All that his visitors had to do was to be at the entrance to his home as early as 6am because he was an early riser.
Despite coming from the former president’s family, Jonathan did not live in the shadow of royalty; he mingled with the locals and always assisted as much as he could.
Geoffrey Kokoyo, a neighbour, said if they had any pressing issues, Jonathan was always keen to know what was happening. And even if he did not meet you in person, he would send someone with a kind word and his contribution.
“JT was a man you could meet and talk to one-on-one. He would stop by the road, get out of his car, greet people and inquire about what was happening in the village,” Mr Kokoyo said.
He described Jonathan as a man who led a private life away from his family.
“He never revealed much and you would not hear him brag that he had assisted so-and-so, or had done this-and-that. He did his things and walked away in silence,” he said.
Kokoyo revealed that when you had a problem and met Jonathan, you knew you would be sorted as long as your case was genuine. Many people, he said, had benefited from his generosity.
He said that he was among Jonathan’s fans who in the 1980s would leave their Solian village home and walk at least 14 kilometers to see him race.

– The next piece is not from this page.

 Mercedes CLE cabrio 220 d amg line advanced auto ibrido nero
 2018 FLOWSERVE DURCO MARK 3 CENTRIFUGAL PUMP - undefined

“The Safari Rally was nothing without him. We watched the competition courtesy of him. Personally, I would leave home just to watch him pass, cheer and walk back home,” he said.
Kokoyo said Jonathan never held a grudge and he would tell you when he did not like something.
Selina Suge, a former councillor, said Jonathan played a fatherly role to the hundreds of people he lived with.
Ms Suge said the first-born son of the former president was a man who wished to see everyone lead a happy life. She described Jonathan as a mentor.
“He would assist all people and never discriminated against anyone. Those who sought help from him never regretted,” Suge said.
The former civic leader said Jonathan allowed them to graze their animals on his land because he had vowed he would not watch as villagers’ animals die in times of drought.
Jonathan, she added, had initiated many development projects in the area. These included schools and health centres.
The community, she said, had lost an important person. “We have lost a leader; a man who used his own resources on development programmes.”
Jonathan also donated ten acres of land for the construction of Jonathan K Moi Primary School, a public institution near his home.
Tomno Kigen, another resident, said he knew Jonathan as he grew up and that he had taught them the need to practise cash crop farming.
Kigen said Jonathan always pushed them to use all available resources to improve their lives.
Notably, Jonathan initiated Koibat Highland Water - an initiative meant to educate locals on the need to conserve water catchment areas.
Residents described Jonathan as a brilliant, selfless man who played a key role in improving the lives of his people. His actions, they said, would remain with them forever.